##### SOURCE RECORDS #####
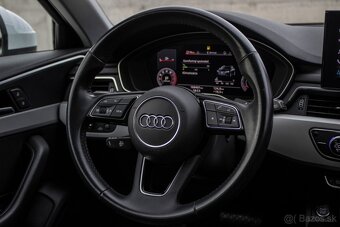 Audi A4 Avant 35 2.0 TFSI mHEV S tronic - 12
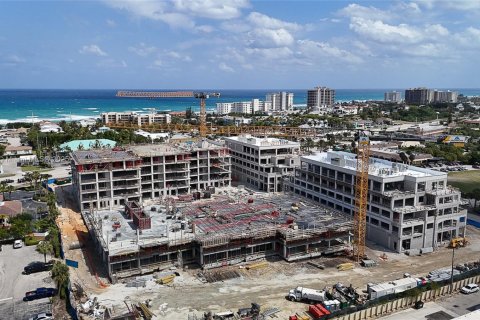 Condo in Juno Beach, Florida, 3 bedrooms  № 1863373 - photo 6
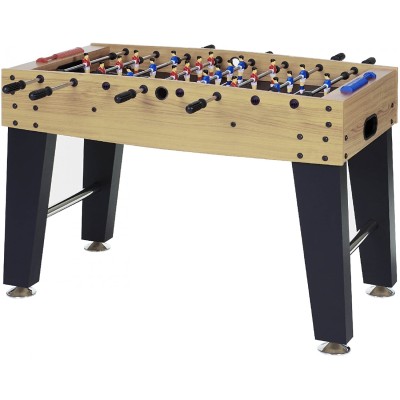 Garlando  Baby Foot F3 Barres Télescopiques Tunisie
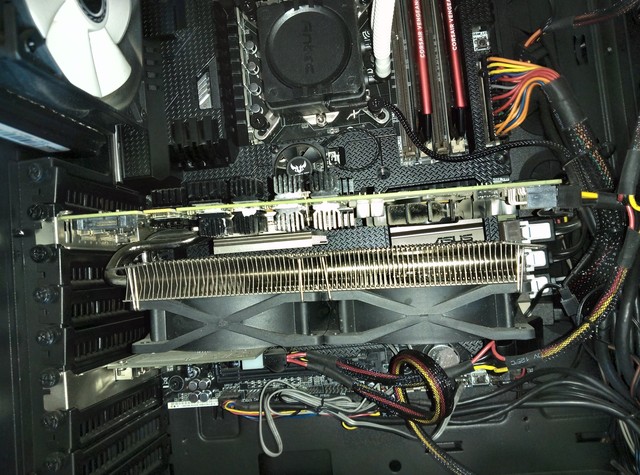 解决gtx660ti显卡散热问题，告别头疼烦恼  第6张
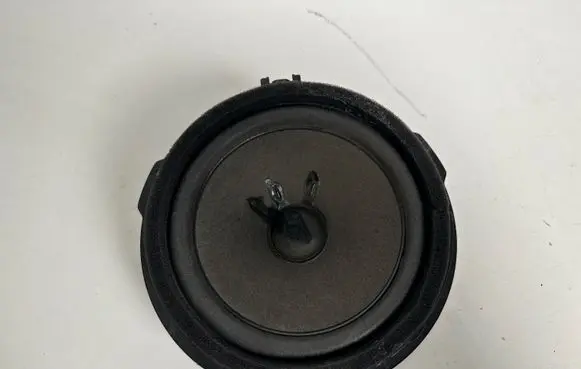 Ford Mustang VI Rear door speaker DS7T18808B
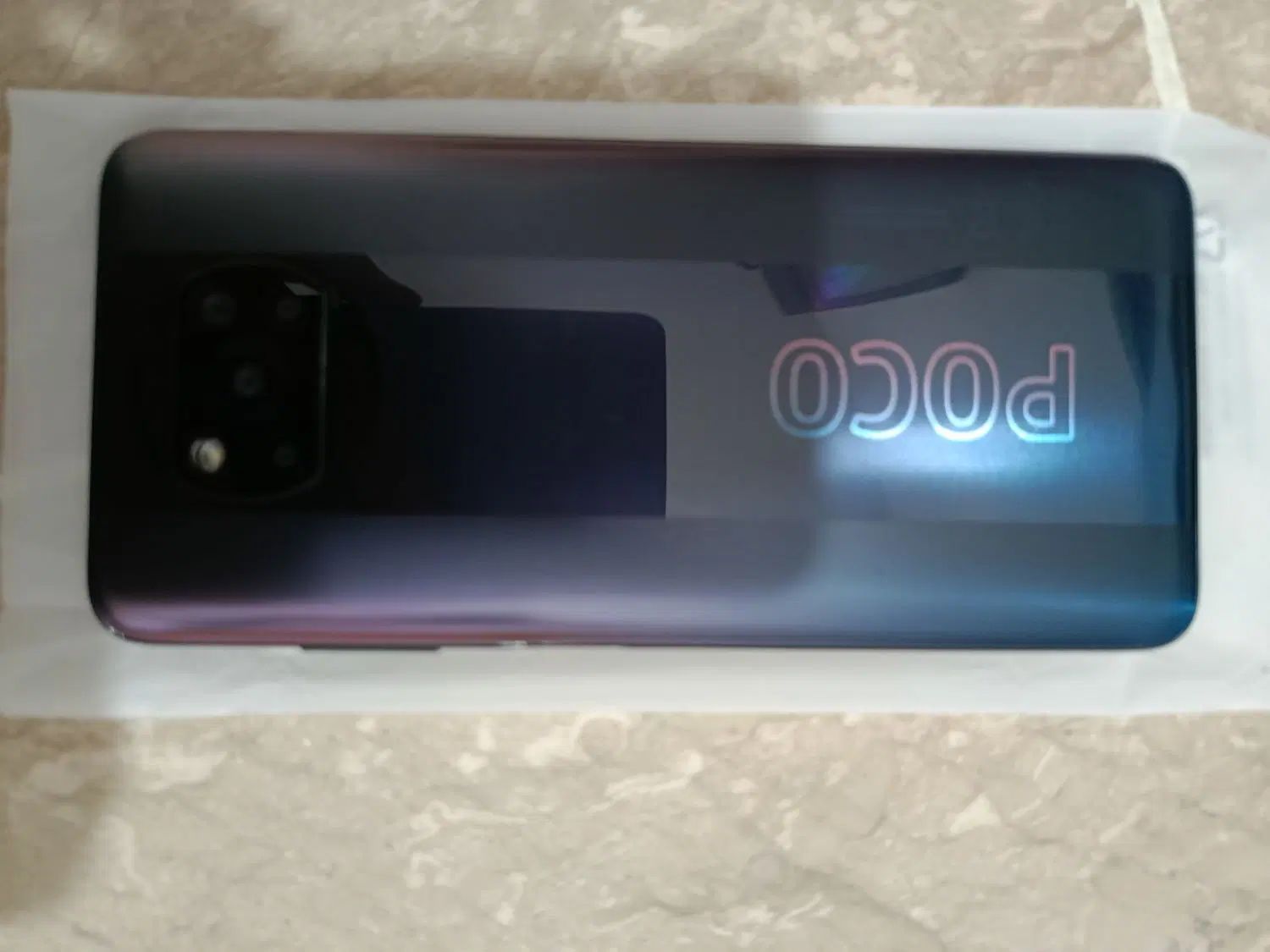 Poco x3pro|موبایل|تهران, علم و صنعت|دیوار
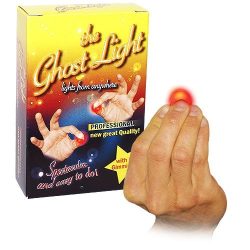 The Ghost Light - Professionnel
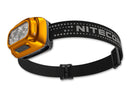 Nitecore NU31 Orange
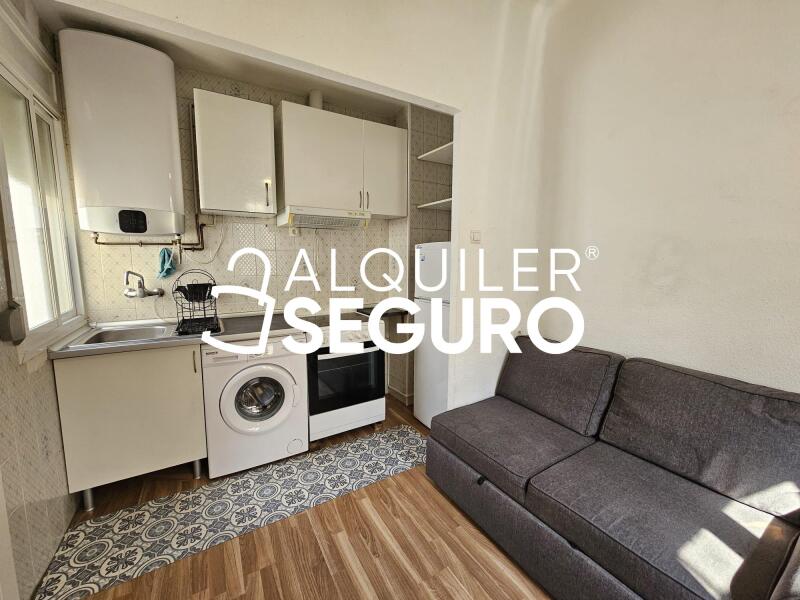 Inmueble en Calle Embajadores, MADRID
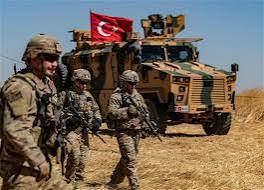 Türkiyə ordusu Suriyanın şimalında terrorçuları zərərsizləşdirib -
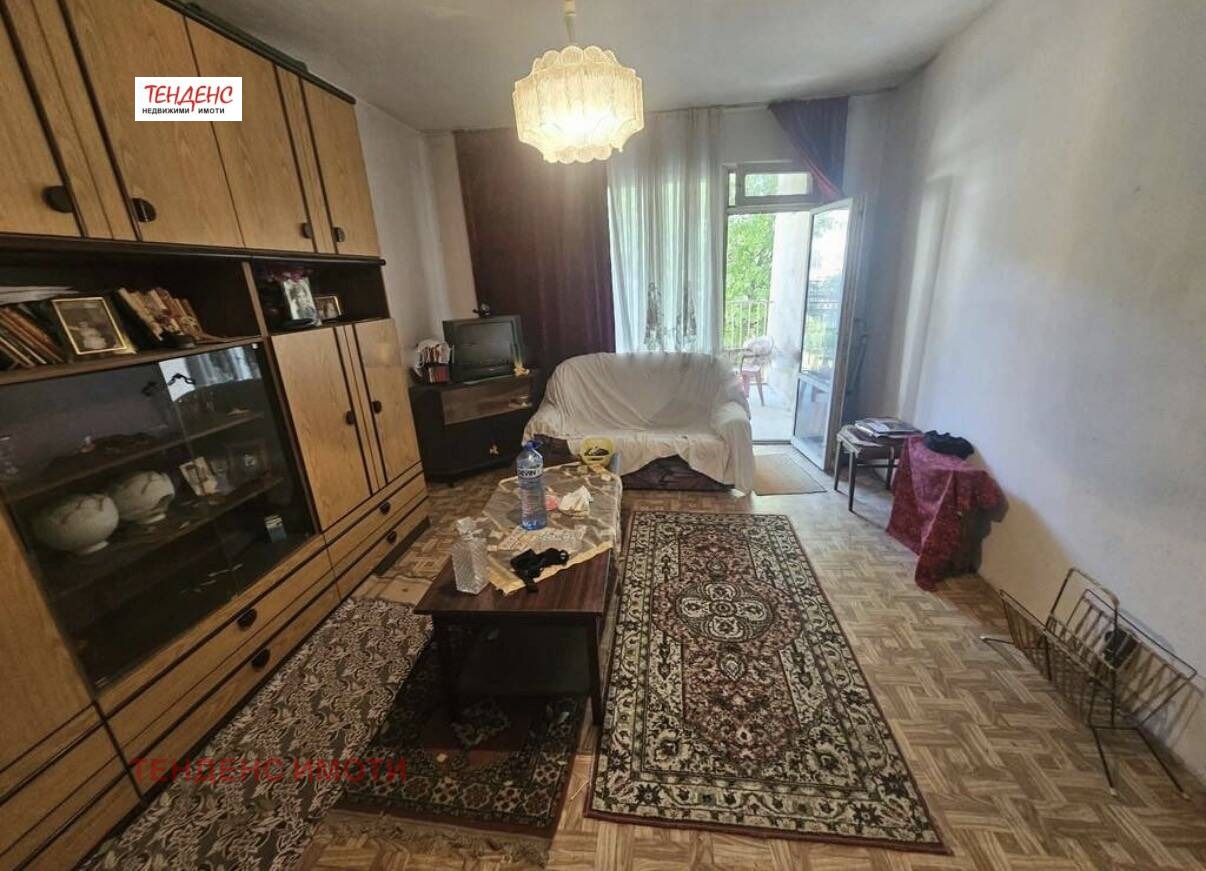 Продава 2-СТАЕН, гр. Кърджали, Възрожденци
#####
> TASK TO CARRY OUT
Pictures excluded, return exactly the lines from the one with "Condo in Juno" through the final line of the entries above, both included.

> YOUR SOLUTION
 Condo in Juno Beach, Florida, 3 bedrooms  № 1863373 - photo 6
 Garlando  Baby Foot F3 Barres Télescopiques Tunisie
 解决gtx660ti显卡散热问题，告别头疼烦恼  第6张
 Ford Mustang VI Rear door speaker DS7T18808B
 Poco x3pro|موبایل|تهران, علم و صنعت|دیوار
 The Ghost Light - Professionnel
 Nitecore NU31 Orange
 Inmueble en Calle Embajadores, MADRID
 Türkiyə ordusu Suriyanın şimalında terrorçuları zərərsizləşdirib -
 Продава 2-СТАЕН, гр. Кърджали, Възрожденци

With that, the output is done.